To reinforce a point raised by Professor Tommy Curry, the fact that Africans were aware of their humanity to attempt mutiny in slave ships (Meermin & Amistad) and to overthrow colonial governance (the Haitian revolution) amidst the day-to-day attempts to evade slave traders is enough to refute the insistence that the debates must centre around what Scots understood about the slave trade in the 18th century.

To make sense of these gaps in my own research, I have broadly excavated the archival records in Scotland if only to establish that a thorough documentation of the African-led resistance to Scottish participation in the slave trade and colonialism cannot be located in the archives.

Dr David Livingstone (1813–1873), whose writing documenting the slave trade across the African Great Lakes galvanized the Scottish public to take control of the region to be named the Nyasaland Protectorate, would prove to be a redemptive figure in Scotland’s reconsideration of its role in the slave trade. However, in 1891, 153 years after Hume wrote his footnote, Sir Harry Hamilton Johnston (1858–1927), the first British colonial administrator of Nyasaland, would re-inforce similar myths about the ‘British Central African’: “to these [negroes] almost without arts and sciences and the refined pleasures of the senses, the only acute enjoyment offered them by nature is sexual intercourse”. Even at that time, the documented resistance is represented by Scottish missionaries who aimed to maintain Nyasaland under their sphere of control.

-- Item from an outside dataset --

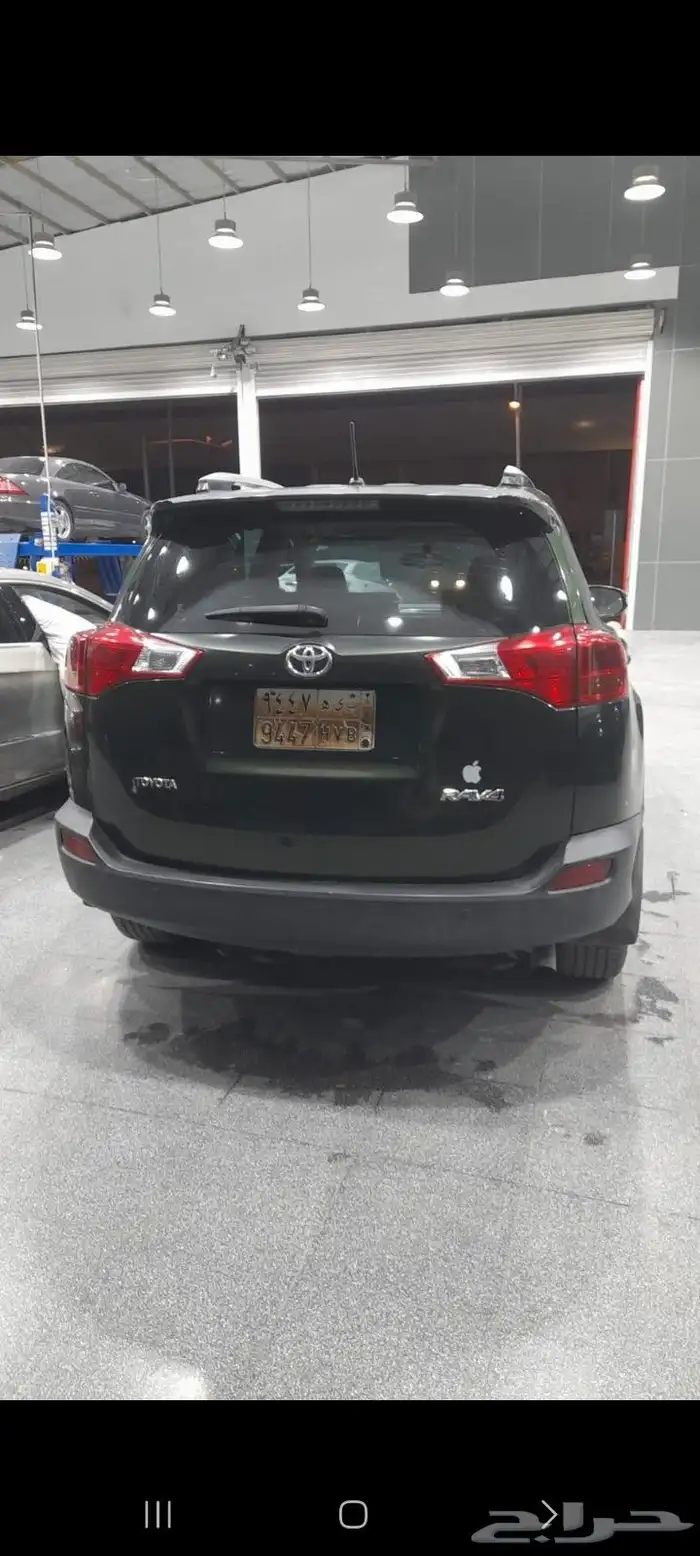 راف فور 2013 فل كامل فتحه بصمه دخول ذكي 6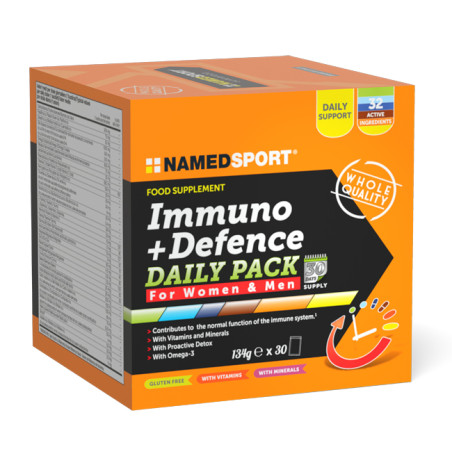 IMMUNO+DEFENCE DAILY PACK 30 BUSTINE IMMUNO+DEFENCE DAILY PACK 30 BUSTINE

Filling in the gaps that the archives cannot answer involves more complex and radical modalities of investigation.

I rely on locally-recognised historians or documenters within communities, who preserve their histories, including the slave trade, through methodically structured oral traditions. The legacy of both the Arab and Portuguese slave trade and British colonialism in Nyasaland remains a raw memory, even though there are no precise indigenous terms to describe these phenomena.

I have visited and listened to oral histories about the importance of ‘ancestor caves’ where families would conduct ceremonies and celebrations out of view to evade the slave catchers. These are the stories still being told about how children were hidden and raised indoors often only taken outside at night, keeping silent to escape the eyes and ears of the catchers. Embedded in these historical narratives are didactic tales, organised for ease of remembrance for the survival of future generations.
Despite what was believed by Hume and his contemporaries, the arts and sciences have always been intrinsic in African cultural traditions. Decolonising is a framework contingent upon recognising knowledge productions within systems that often will never make their way into archival records. It centres the recognition and legitimization of the ways in which African people have collected and shared their histories.

The knowledge we learn from these systems allows us to reckon with both the silence of archives and the fallacies of myth-making about African people.

At very least, these debates should lead to investigations to understand the full extent of Hume’s participation in the dehumanization of enslaved Africans, and the role he played to support the justification for their enslavement.